## DESCRIPTION OF THE TASK
Print the whole listing, unchanged.
----
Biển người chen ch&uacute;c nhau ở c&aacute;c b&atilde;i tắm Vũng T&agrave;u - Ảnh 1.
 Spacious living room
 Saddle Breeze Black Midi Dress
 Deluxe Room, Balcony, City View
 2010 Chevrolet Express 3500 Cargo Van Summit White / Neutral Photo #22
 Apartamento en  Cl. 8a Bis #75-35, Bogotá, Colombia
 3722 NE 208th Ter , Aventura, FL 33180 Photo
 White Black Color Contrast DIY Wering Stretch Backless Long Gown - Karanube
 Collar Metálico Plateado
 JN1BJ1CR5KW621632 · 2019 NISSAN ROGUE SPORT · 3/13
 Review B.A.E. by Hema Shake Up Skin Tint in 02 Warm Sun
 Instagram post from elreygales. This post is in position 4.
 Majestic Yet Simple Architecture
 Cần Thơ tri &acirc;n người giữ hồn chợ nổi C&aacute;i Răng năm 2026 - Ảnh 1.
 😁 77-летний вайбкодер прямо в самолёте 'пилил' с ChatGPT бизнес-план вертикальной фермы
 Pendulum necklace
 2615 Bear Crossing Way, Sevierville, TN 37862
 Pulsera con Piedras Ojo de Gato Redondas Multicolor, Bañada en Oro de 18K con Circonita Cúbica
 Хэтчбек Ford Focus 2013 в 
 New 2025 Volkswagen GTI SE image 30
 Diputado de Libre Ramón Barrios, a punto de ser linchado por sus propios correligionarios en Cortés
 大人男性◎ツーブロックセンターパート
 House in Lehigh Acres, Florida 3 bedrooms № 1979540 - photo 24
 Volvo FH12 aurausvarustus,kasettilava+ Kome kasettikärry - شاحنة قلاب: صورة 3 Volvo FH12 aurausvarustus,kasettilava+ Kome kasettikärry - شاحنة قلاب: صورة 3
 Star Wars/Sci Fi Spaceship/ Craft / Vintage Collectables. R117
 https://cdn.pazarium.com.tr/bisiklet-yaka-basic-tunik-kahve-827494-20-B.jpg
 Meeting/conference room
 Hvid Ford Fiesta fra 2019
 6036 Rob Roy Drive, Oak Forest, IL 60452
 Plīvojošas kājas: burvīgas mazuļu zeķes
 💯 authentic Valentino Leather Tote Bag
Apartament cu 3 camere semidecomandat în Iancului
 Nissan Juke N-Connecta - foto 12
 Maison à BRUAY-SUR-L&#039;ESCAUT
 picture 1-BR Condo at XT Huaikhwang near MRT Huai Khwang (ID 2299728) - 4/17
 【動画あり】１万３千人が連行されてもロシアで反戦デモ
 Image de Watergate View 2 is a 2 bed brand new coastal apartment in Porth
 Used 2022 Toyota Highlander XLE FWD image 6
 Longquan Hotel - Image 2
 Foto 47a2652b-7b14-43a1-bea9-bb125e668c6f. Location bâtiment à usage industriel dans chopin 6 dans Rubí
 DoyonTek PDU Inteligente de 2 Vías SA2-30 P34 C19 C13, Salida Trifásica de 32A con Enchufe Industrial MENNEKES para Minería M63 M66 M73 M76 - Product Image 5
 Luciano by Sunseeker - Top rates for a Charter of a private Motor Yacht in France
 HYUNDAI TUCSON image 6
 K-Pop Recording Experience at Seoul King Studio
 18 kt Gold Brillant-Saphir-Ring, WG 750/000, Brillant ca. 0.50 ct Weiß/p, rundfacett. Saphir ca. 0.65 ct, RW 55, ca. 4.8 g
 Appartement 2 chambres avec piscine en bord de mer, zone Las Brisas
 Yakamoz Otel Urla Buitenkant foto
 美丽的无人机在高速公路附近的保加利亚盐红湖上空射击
----
## OUTPUT OF THE EXERCISE
Biển người chen ch&uacute;c nhau ở c&aacute;c b&atilde;i tắm Vũng T&agrave;u - Ảnh 1.
 Spacious living room
 Saddle Breeze Black Midi Dress
 Deluxe Room, Balcony, City View
 2010 Chevrolet Express 3500 Cargo Van Summit White / Neutral Photo #22
 Apartamento en  Cl. 8a Bis #75-35, Bogotá, Colombia
 3722 NE 208th Ter , Aventura, FL 33180 Photo
 White Black Color Contrast DIY Wering Stretch Backless Long Gown - Karanube
 Collar Metálico Plateado
 JN1BJ1CR5KW621632 · 2019 NISSAN ROGUE SPORT · 3/13
 Review B.A.E. by Hema Shake Up Skin Tint in 02 Warm Sun
 Instagram post from elreygales. This post is in position 4.
 Majestic Yet Simple Architecture
 Cần Thơ tri &acirc;n người giữ hồn chợ nổi C&aacute;i Răng năm 2026 - Ảnh 1.
 😁 77-летний вайбкодер прямо в самолёте 'пилил' с ChatGPT бизнес-план вертикальной фермы
 Pendulum necklace
 2615 Bear Crossing Way, Sevierville, TN 37862
 Pulsera con Piedras Ojo de Gato Redondas Multicolor, Bañada en Oro de 18K con Circonita Cúbica
 Хэтчбек Ford Focus 2013 в 
 New 2025 Volkswagen GTI SE image 30
 Diputado de Libre Ramón Barrios, a punto de ser linchado por sus propios correligionarios en Cortés
 大人男性◎ツーブロックセンターパート
 House in Lehigh Acres, Florida 3 bedrooms № 1979540 - photo 24
 Volvo FH12 aurausvarustus,kasettilava+ Kome kasettikärry - شاحنة قلاب: صورة 3 Volvo FH12 aurausvarustus,kasettilava+ Kome kasettikärry - شاحنة قلاب: صورة 3
 Star Wars/Sci Fi Spaceship/ Craft / Vintage Collectables. R117
 https://cdn.pazarium.com.tr/bisiklet-yaka-basic-tunik-kahve-827494-20-B.jpg
 Meeting/conference room
 Hvid Ford Fiesta fra 2019
 6036 Rob Roy Drive, Oak Forest, IL 60452
 Plīvojošas kājas: burvīgas mazuļu zeķes
 💯 authentic Valentino Leather Tote Bag
Apartament cu 3 camere semidecomandat în Iancului
 Nissan Juke N-Connecta - foto 12
 Maison à BRUAY-SUR-L&#039;ESCAUT
 picture 1-BR Condo at XT Huaikhwang near MRT Huai Khwang (ID 2299728) - 4/17
 【動画あり】１万３千人が連行されてもロシアで反戦デモ
 Image de Watergate View 2 is a 2 bed brand new coastal apartment in Porth
 Used 2022 Toyota Highlander XLE FWD image 6
 Longquan Hotel - Image 2
 Foto 47a2652b-7b14-43a1-bea9-bb125e668c6f. Location bâtiment à usage industriel dans chopin 6 dans Rubí
 DoyonTek PDU Inteligente de 2 Vías SA2-30 P34 C19 C13, Salida Trifásica de 32A con Enchufe Industrial MENNEKES para Minería M63 M66 M73 M76 - Product Image 5
 Luciano by Sunseeker - Top rates for a Charter of a private Motor Yacht in France
 HYUNDAI TUCSON image 6
 K-Pop Recording Experience at Seoul King Studio
 18 kt Gold Brillant-Saphir-Ring, WG 750/000, Brillant ca. 0.50 ct Weiß/p, rundfacett. Saphir ca. 0.65 ct, RW 55, ca. 4.8 g
 Appartement 2 chambres avec piscine en bord de mer, zone Las Brisas
 Yakamoz Otel Urla Buitenkant foto
 美丽的无人机在高速公路附近的保加利亚盐红湖上空射击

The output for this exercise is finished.